■ **What the exercise asks**: Would you copy the listing below exactly, keeping the pictures out?

■ **Data records**:

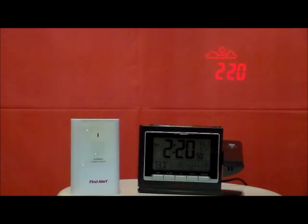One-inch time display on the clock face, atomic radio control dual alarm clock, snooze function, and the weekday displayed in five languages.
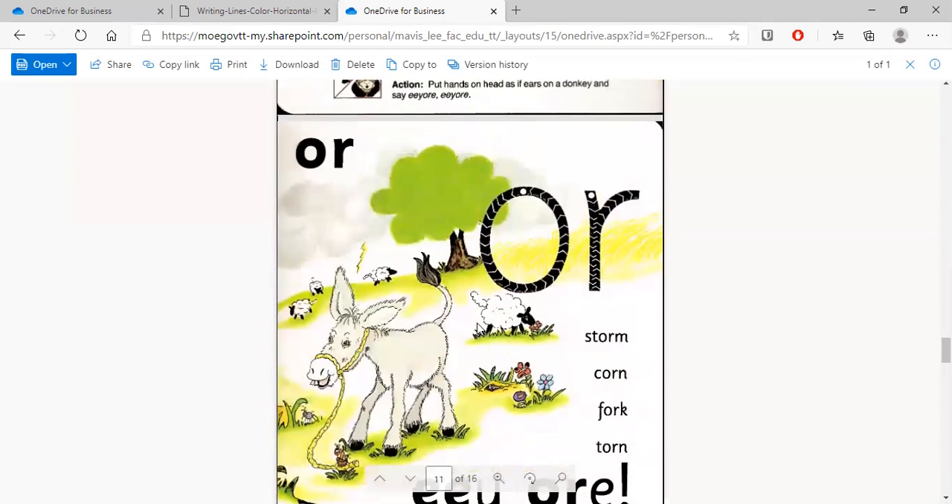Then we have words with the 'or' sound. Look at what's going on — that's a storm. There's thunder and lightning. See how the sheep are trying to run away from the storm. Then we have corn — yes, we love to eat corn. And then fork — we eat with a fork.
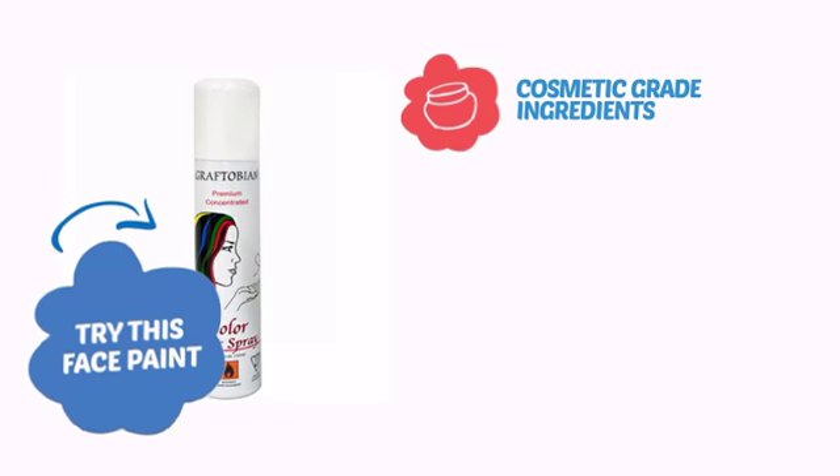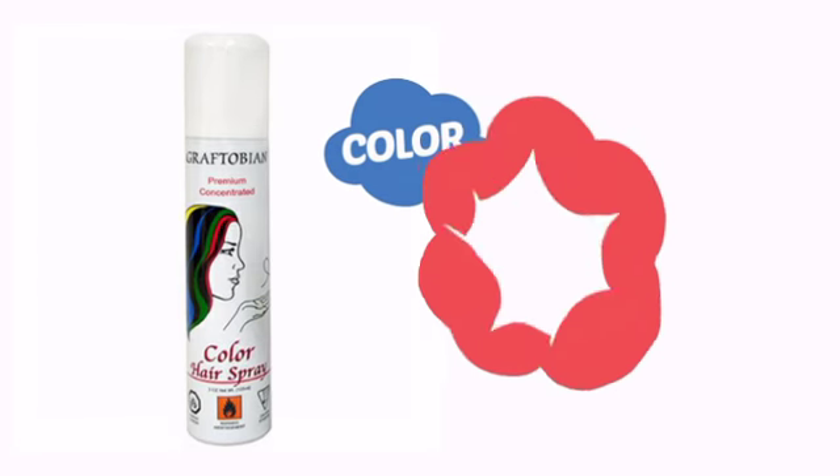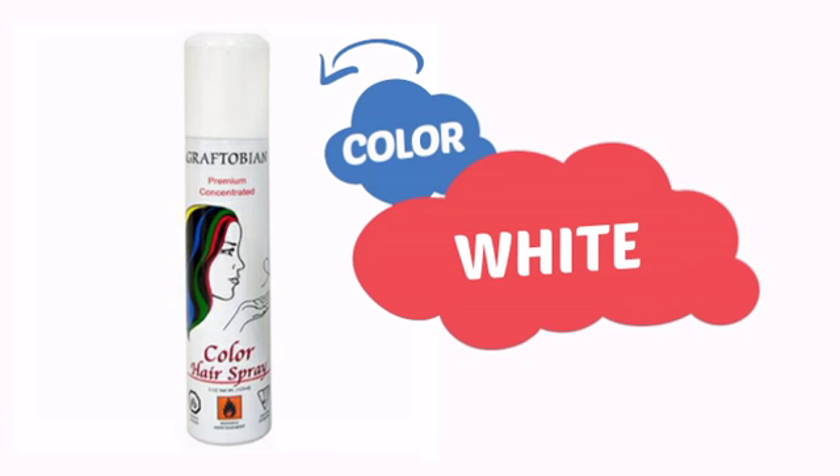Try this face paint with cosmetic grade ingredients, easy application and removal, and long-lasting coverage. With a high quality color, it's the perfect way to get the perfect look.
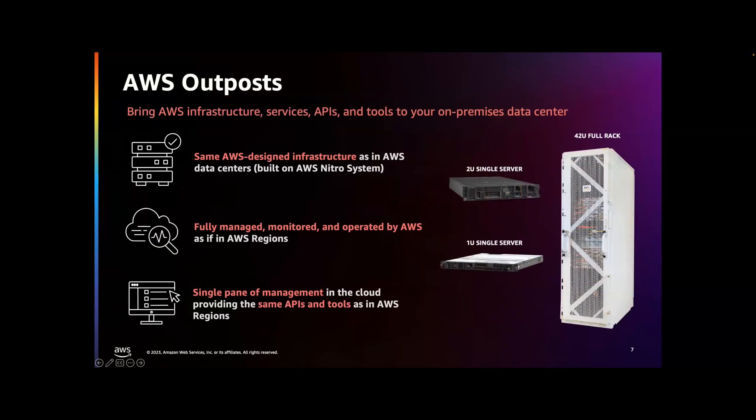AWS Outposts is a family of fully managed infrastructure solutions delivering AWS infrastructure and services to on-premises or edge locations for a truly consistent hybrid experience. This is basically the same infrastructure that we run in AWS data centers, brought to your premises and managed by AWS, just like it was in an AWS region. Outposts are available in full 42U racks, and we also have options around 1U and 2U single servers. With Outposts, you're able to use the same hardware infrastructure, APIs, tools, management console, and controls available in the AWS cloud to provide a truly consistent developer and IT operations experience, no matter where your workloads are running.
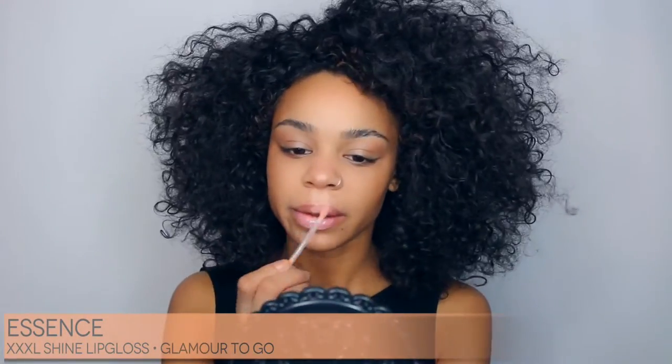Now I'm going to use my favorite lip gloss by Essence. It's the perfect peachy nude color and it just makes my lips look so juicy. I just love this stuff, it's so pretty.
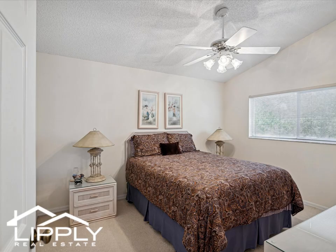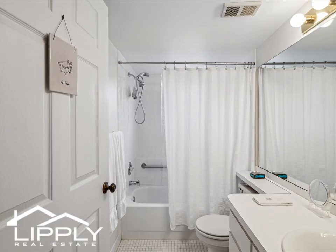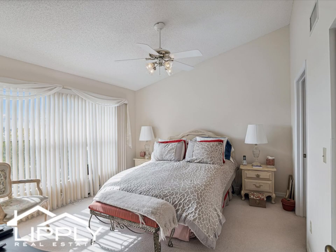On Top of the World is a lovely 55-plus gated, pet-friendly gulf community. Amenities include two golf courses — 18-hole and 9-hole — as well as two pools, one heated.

■ **Response**:
One-inch time display on the clock face, atomic radio control dual alarm clock, snooze function, and the weekday displayed in five languages.
Then we have words with the 'or' sound. Look at what's going on — that's a storm. There's thunder and lightning. See how the sheep are trying to run away from the storm. Then we have corn — yes, we love to eat corn. And then fork — we eat with a fork.
Try this face paint with cosmetic grade ingredients, easy application and removal, and long-lasting coverage. With a high quality color, it's the perfect way to get the perfect look.
AWS Outposts is a family of fully managed infrastructure solutions delivering AWS infrastructure and services to on-premises or edge locations for a truly consistent hybrid experience. This is basically the same infrastructure that we run in AWS data centers, brought to your premises and managed by AWS, just like it was in an AWS region. Outposts are available in full 42U racks, and we also have options around 1U and 2U single servers. With Outposts, you're able to use the same hardware infrastructure, APIs, tools, management console, and controls available in the AWS cloud to provide a truly consistent developer and IT operations experience, no matter where your workloads are running.
Now I'm going to use my favorite lip gloss by Essence. It's the perfect peachy nude color and it just makes my lips look so juicy. I just love this stuff, it's so pretty.
On Top of the World is a lovely 55-plus gated, pet-friendly gulf community. Amenities include two golf courses — 18-hole and 9-hole — as well as two pools, one heated.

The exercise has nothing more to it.